Those assessing bids will be asking:
- Will this project have a lasting / sustained impact after the funding period ends?
- Does it include activities that mainstream the learning and skills agenda / ULR role within the core activities of unions (at branch, regional, national level)?
- Does it consolidate and roll-out effective practice?
It is often important to consider and to explain how your project will have a sustained impact. There are many ways that this can be achieved. Some more obvious examples would include:
- Creating enduring culture change in participating organisations
- Upskilling key staff
- Projects focused on meeting set-up / capital costs
- Innovative projects developing new materials and methods
Almost all funders find the idea of there being a 'magic bullet' – a single intervention that can solve a problem in a lasting way, beyond the period of the intervention – enormously appealing. They offer the prospect of freeing the funder from dependent delivery bodies, allowing them to move on to new policies and ideas. In reality, very few interventions can deliver that. Be honest and realistic. It is important to recognise that some activities are not sustainable and cannot be delivered without ongoing financial support or at least ongoing financial support from an alternative funder (which may satisfy the 'sustainability' criteria of some bodies).
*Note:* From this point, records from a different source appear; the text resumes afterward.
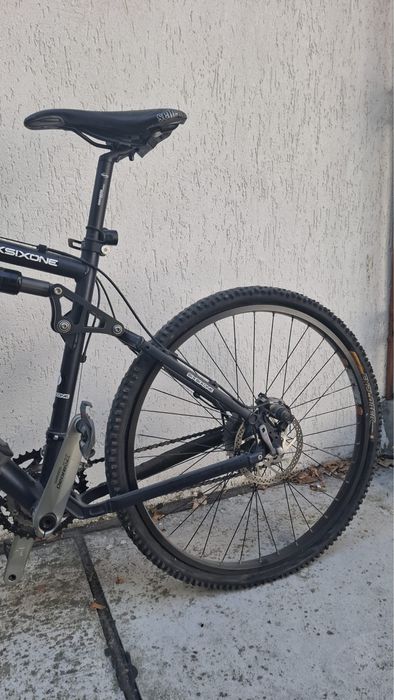Bicicleta MTB full suspension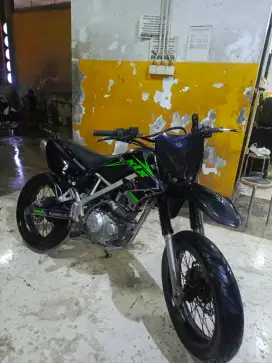 KAWASAKI KLX150
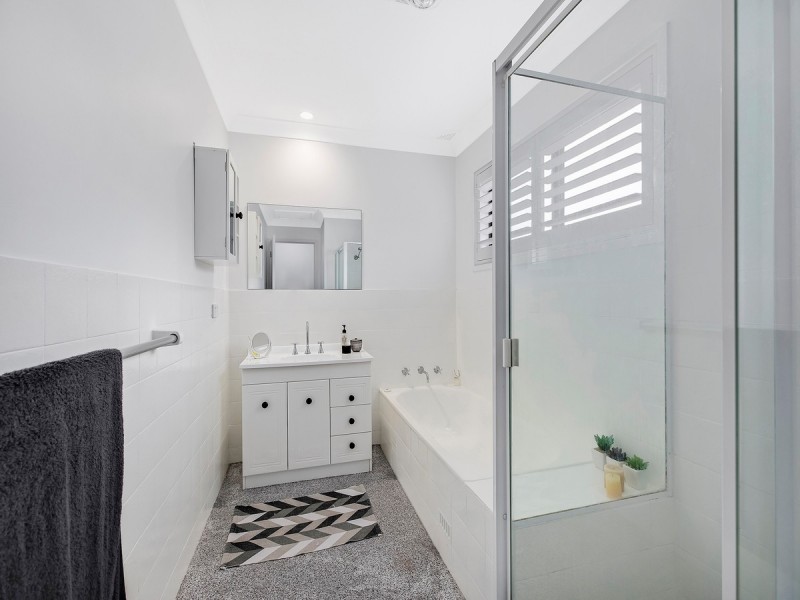 36 Treeview Place, Saratoga NSW 2251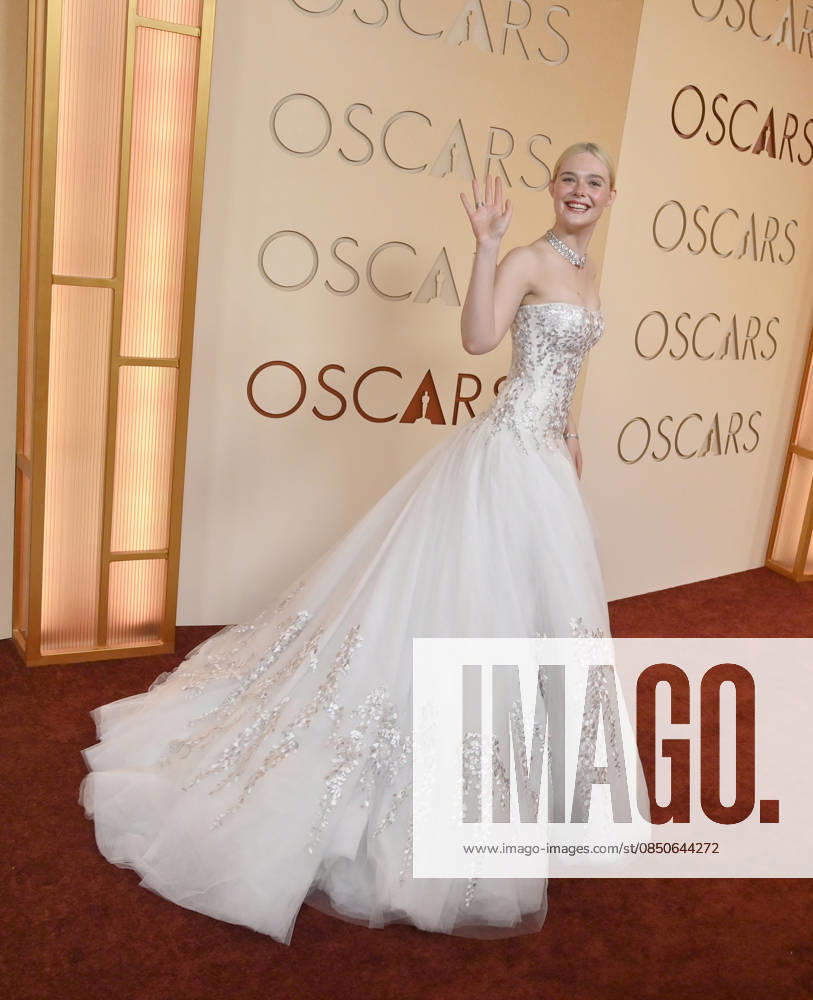 Elle Fanning arrives on the red carpet for the 98th annual Academy Awards in the Hollywood section of Los Angeles on Sunday, March 15, 2026. Conan O Brien will host the Oscars for the second consecutive year. LAP20260315192 JIMxRUYMEN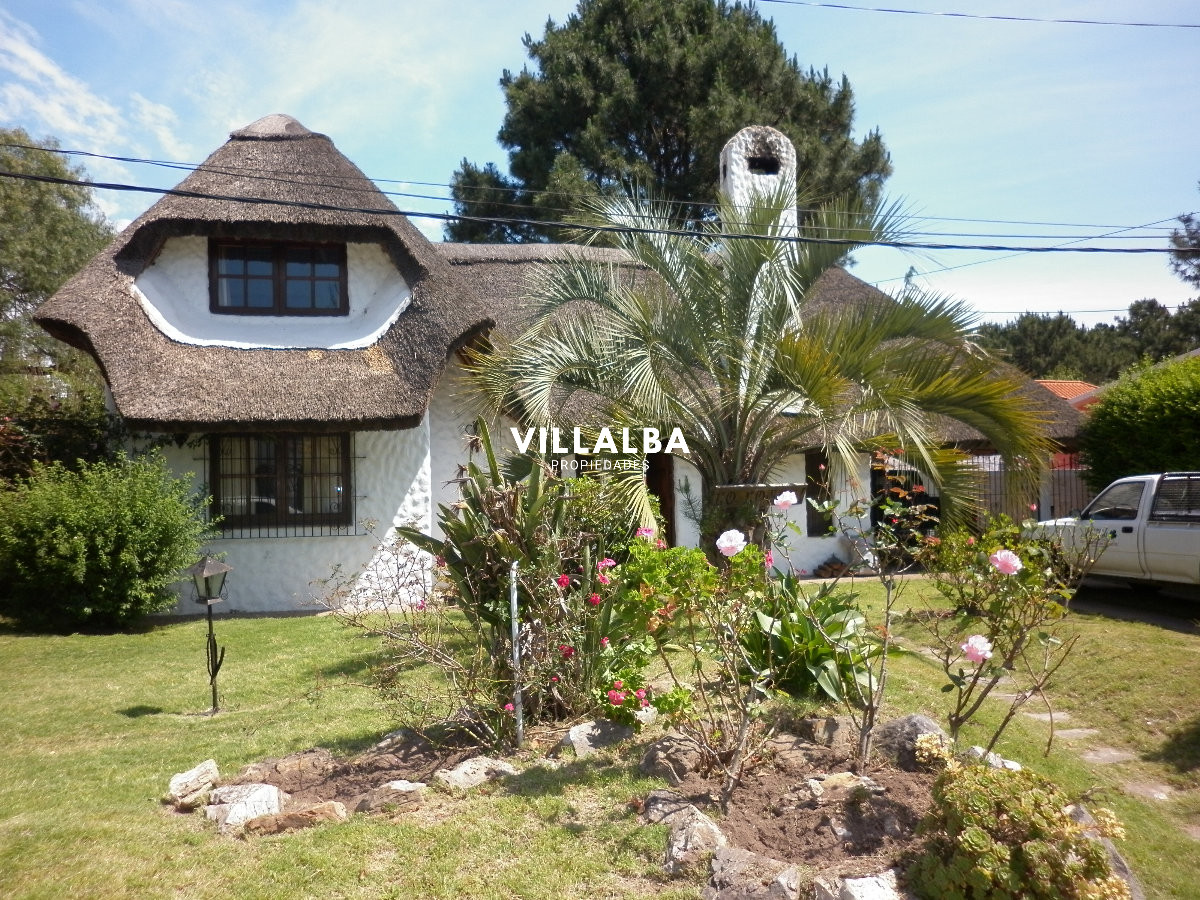 Apartamento ID.4128 - Venta de casa de 4 dormitorios en Maldonado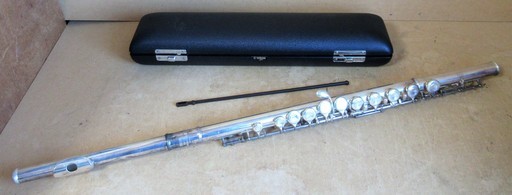 ☆ヤマハ YAMAHA YFL-211S フルート 優しい音色で素敵な音楽◆澄んだ音色♪ ピーヒャラ♪ピ～～♪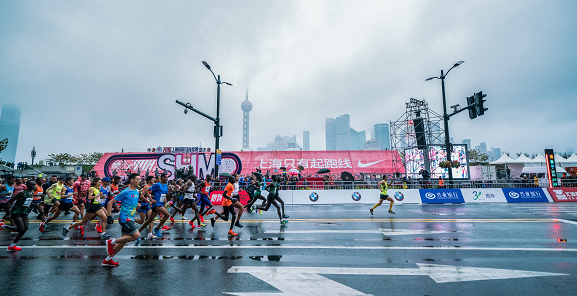 奔跑的上海停不下來 上海國際馬拉松賽點燃城市熱情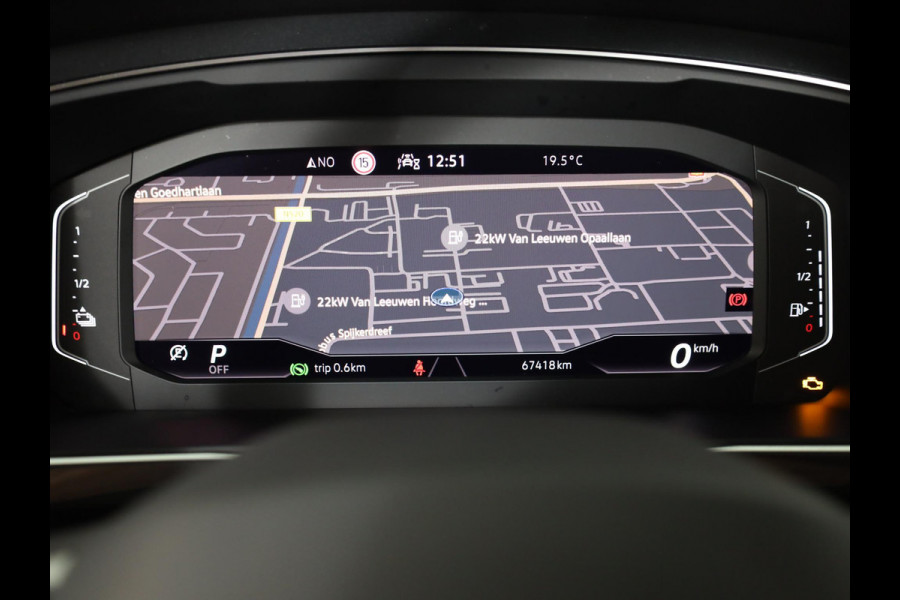 Volkswagen Tiguan 1.4 TSI eHybrid R-Line Business+ 245 pk Automaat (DSG) | Navigatie | Elektr. trekhaak | Parkeersensoren (Park assist) | Rondomzicht camera | Black Style pakket | R-Line |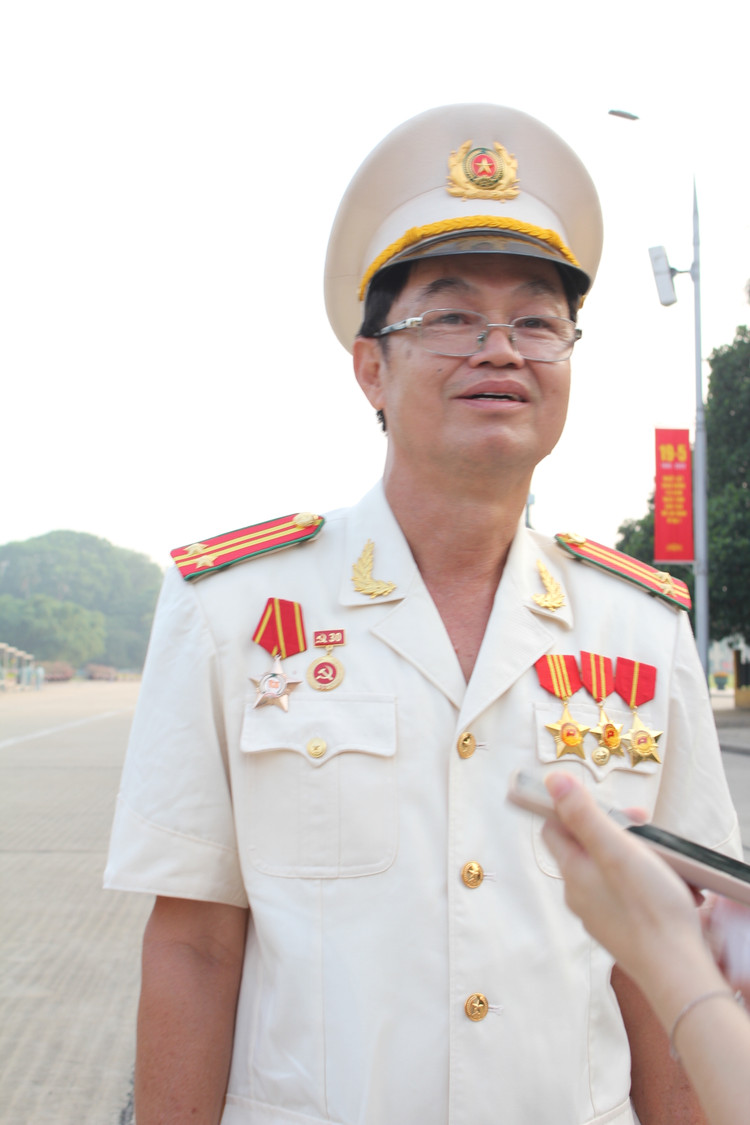 Xuc dong le chao co o Quang truong Ba Dinh nhan ky niem sinh nhat Bac-Hinh-6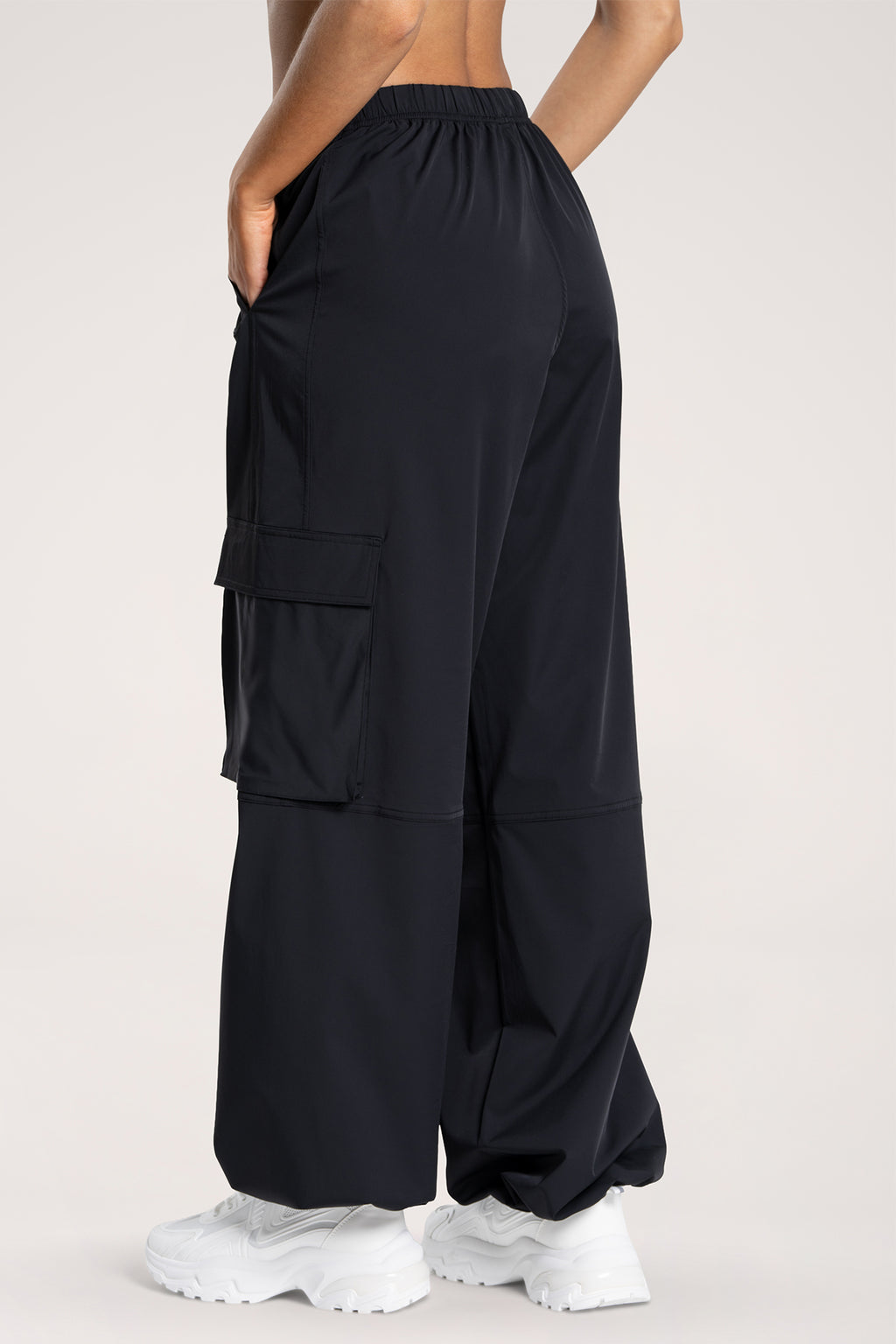 Nohavice cargo UN1FORM black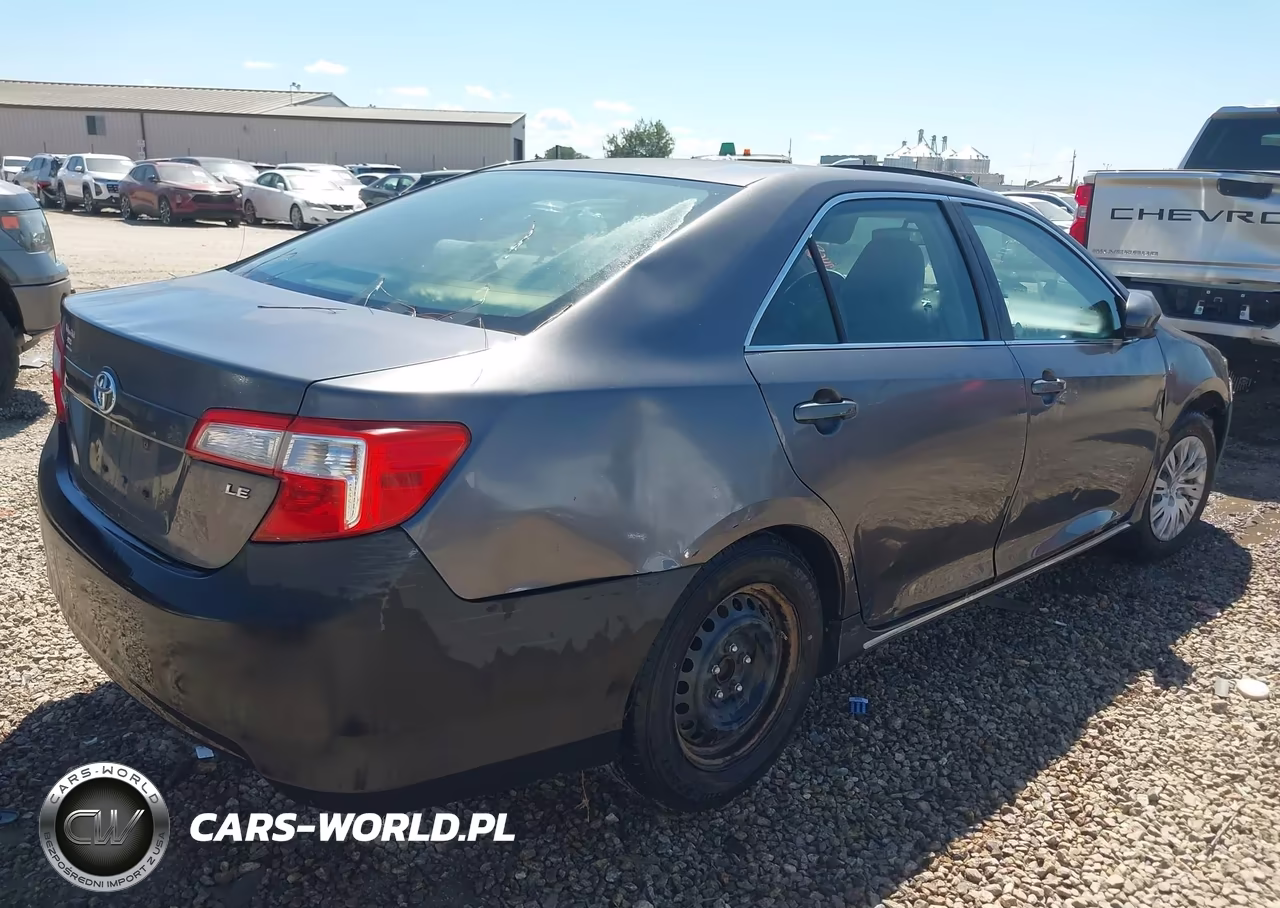 2014 Toyota Camry Le VIN:4T1BF1FK8EU364703 - 4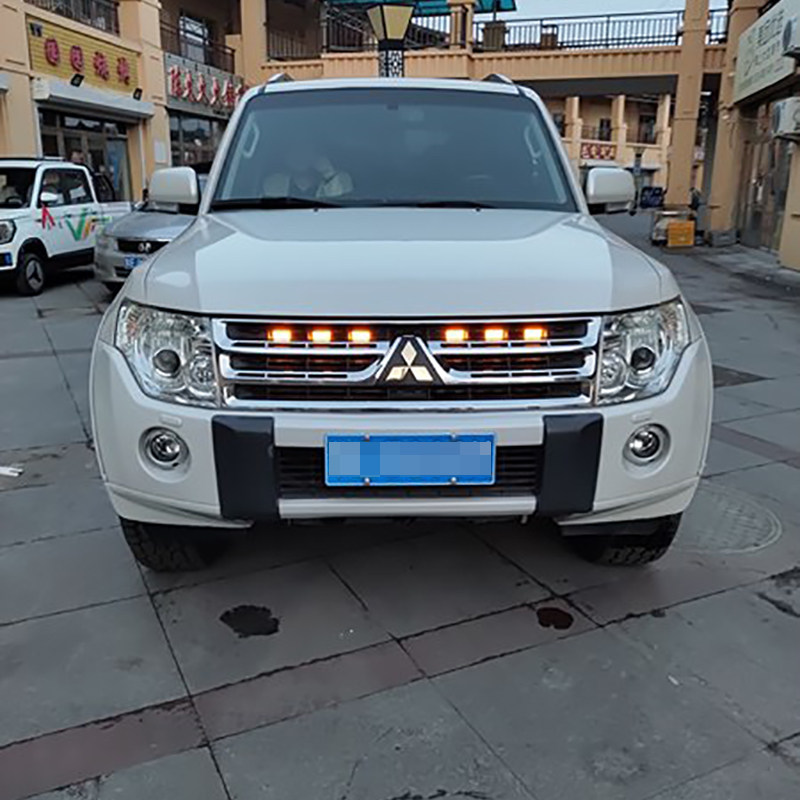 三菱帕杰罗/欧蓝德中网灯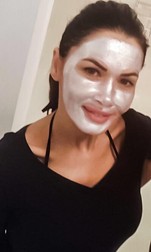 Oana Zavoranu, complet nemachiata. O poza mai naturala nu am pus niciodata. Vedeta si-a pus o masca de curățare pe față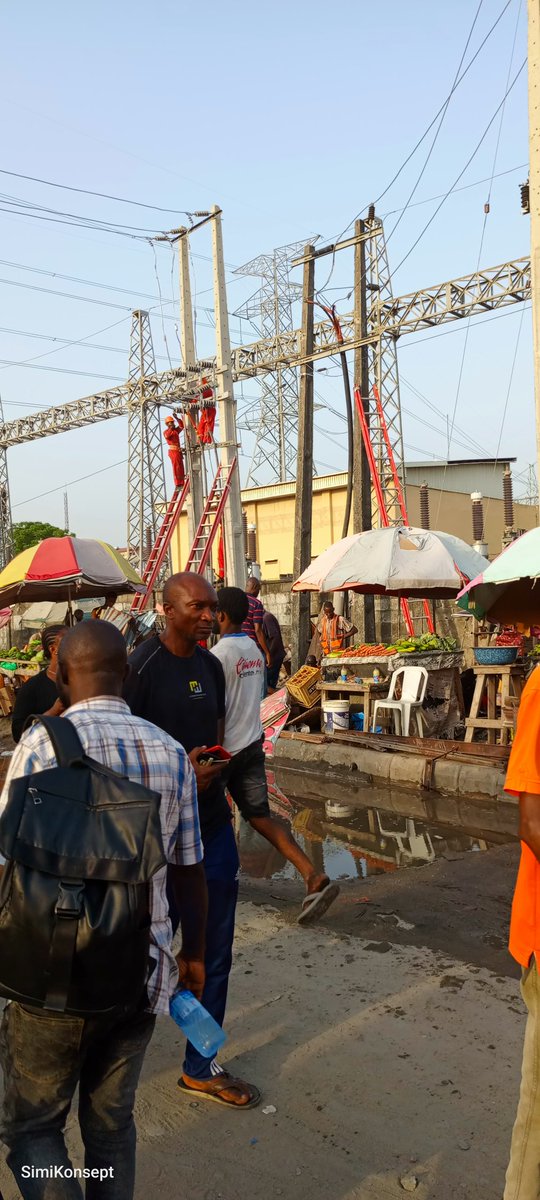 Fxlohd's tweet photo. Jakande housing estate, lekki under demolition.  No notice served, no information to the residents of the place.
#Demolitionwithoutnoticeiscruel #lagosishot #Thisiwickedness #stopthedemolition @ruffydfire @seunokin @Wazobia_FM @NigeriainfoFM @jimiagbaje @jimidisu @MobilePunch https://t.co/flh9QHIvWv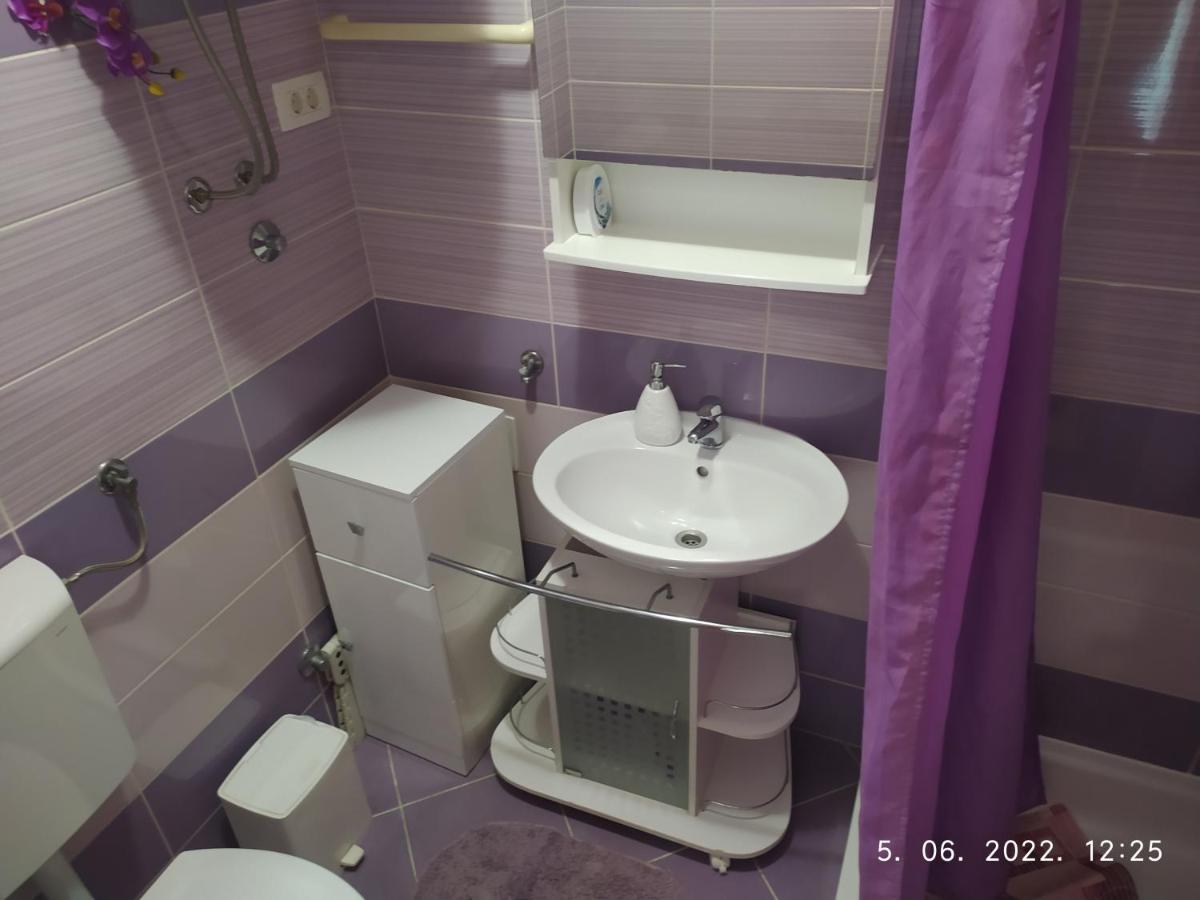 Apartment Sara Novi Vinodolski Kültér fotó
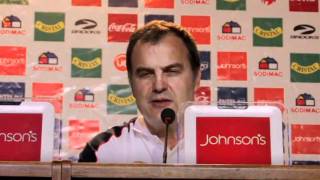 Conferencia de Bielsa en Chileinolvidable respuesta UD No entendió nadawmv [upl. by Stephani670]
Take time to consider how you can design your project to have a sustained impact. Explain this fully to your funder. If, however, your project addresses an enduring problem / market-failure, against which short-term responses are likely to have negligible impact, then say so. You will, however, need to explain why an on-going intervention needing continuing financial support is essential and to ensure that you are applying to an organisation that will not be put off by this.
An example of a mechanism to identify sustainability and return on investment is Social Return on Investment (SROI).